## Instructions for the task
Return the full listing character for character, without its pictures.

++++ Stored data

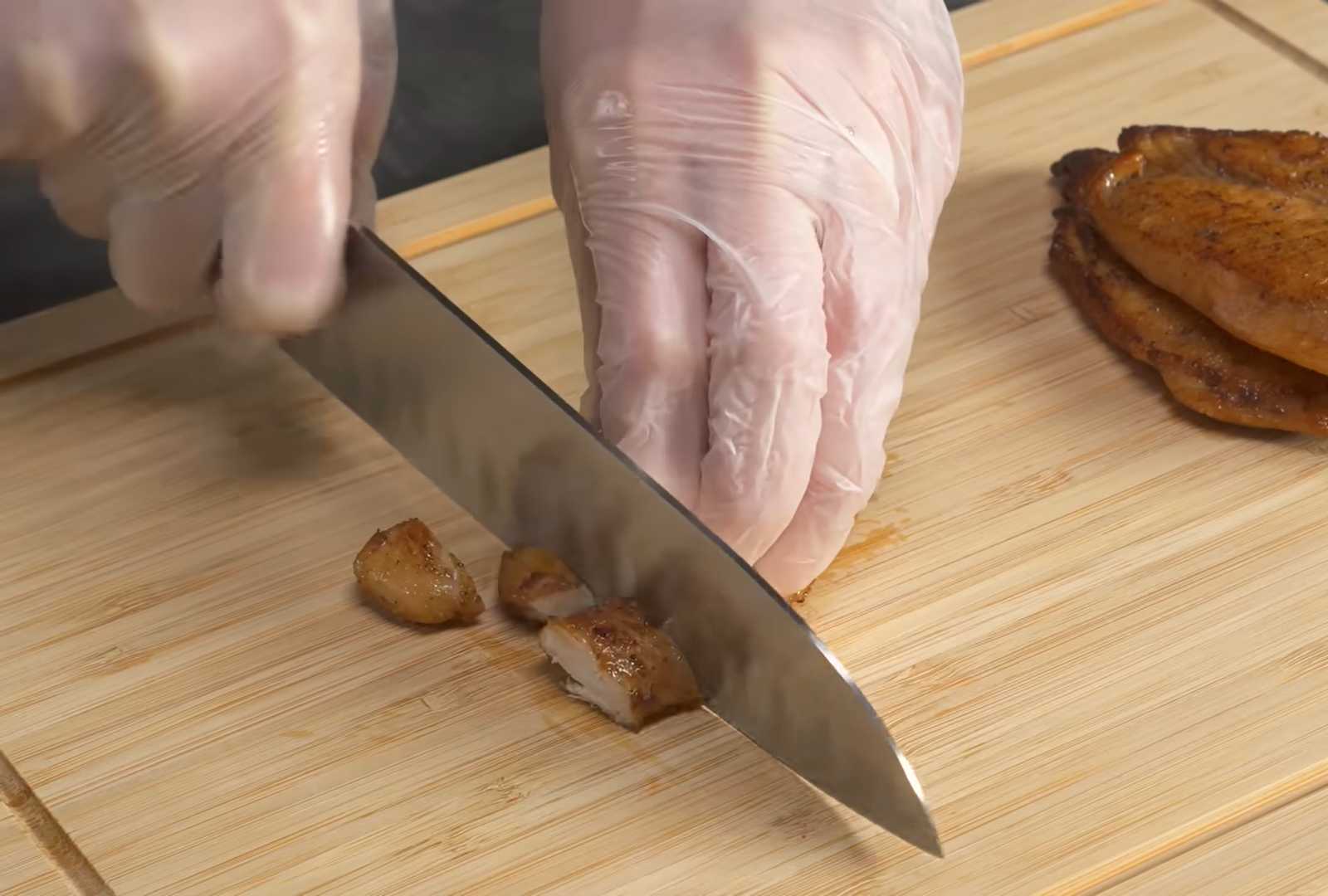 Салат Цезарь с курицей и ананасами классический — Шаг 6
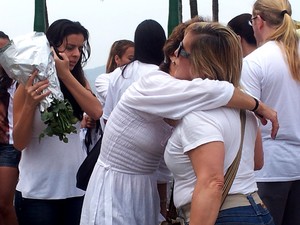 Mãe da adolescente atropelada em Santos esteve no protesto (Foto: Mariane Rossi/G1)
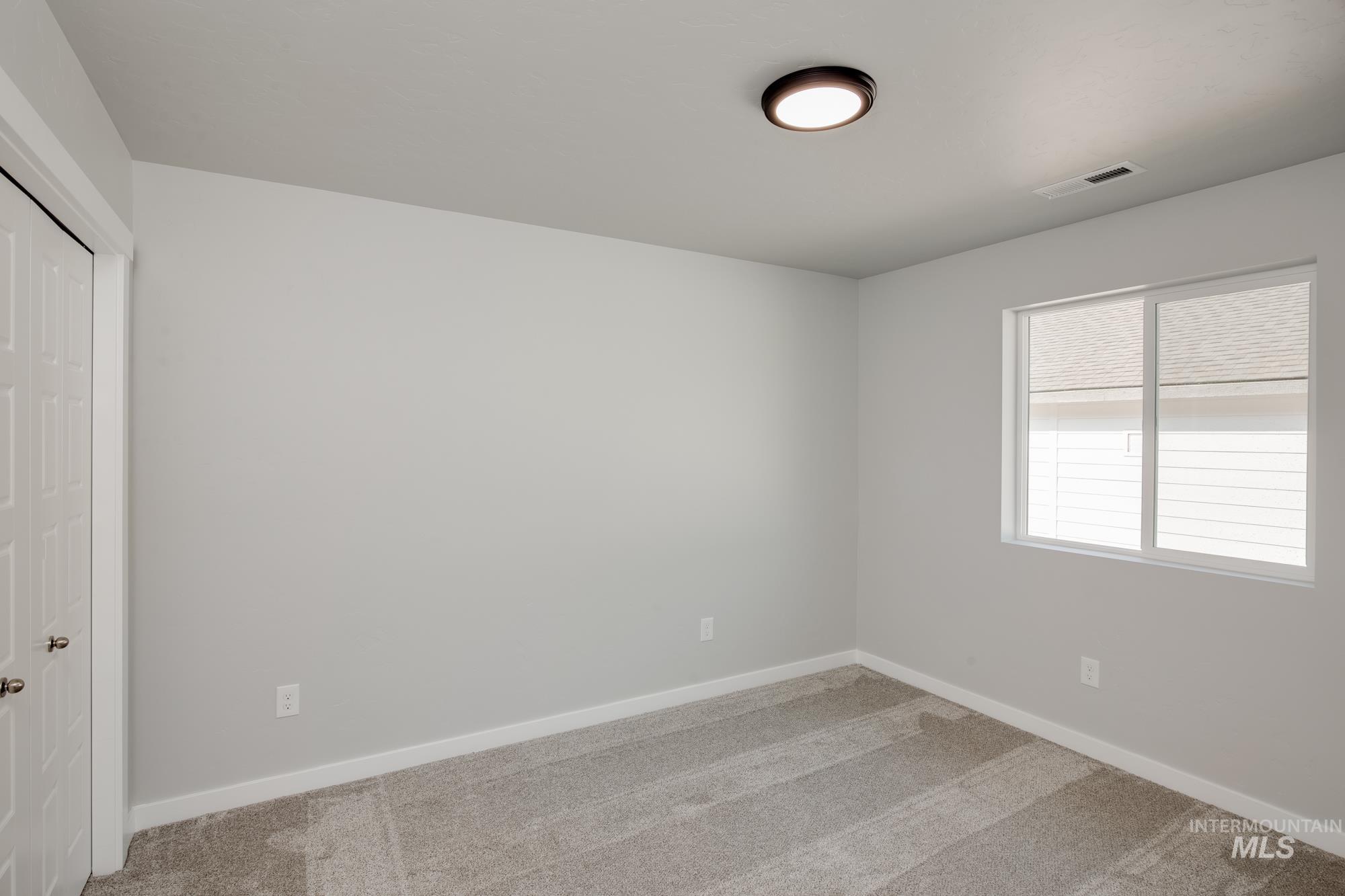 748 W Snowy Owl St Property Photo 14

++++++++

## Solution below
 Салат Цезарь с курицей и ананасами классический — Шаг 6
 Mãe da adolescente atropelada em Santos esteve no protesto (Foto: Mariane Rossi/G1)
 748 W Snowy Owl St Property Photo 14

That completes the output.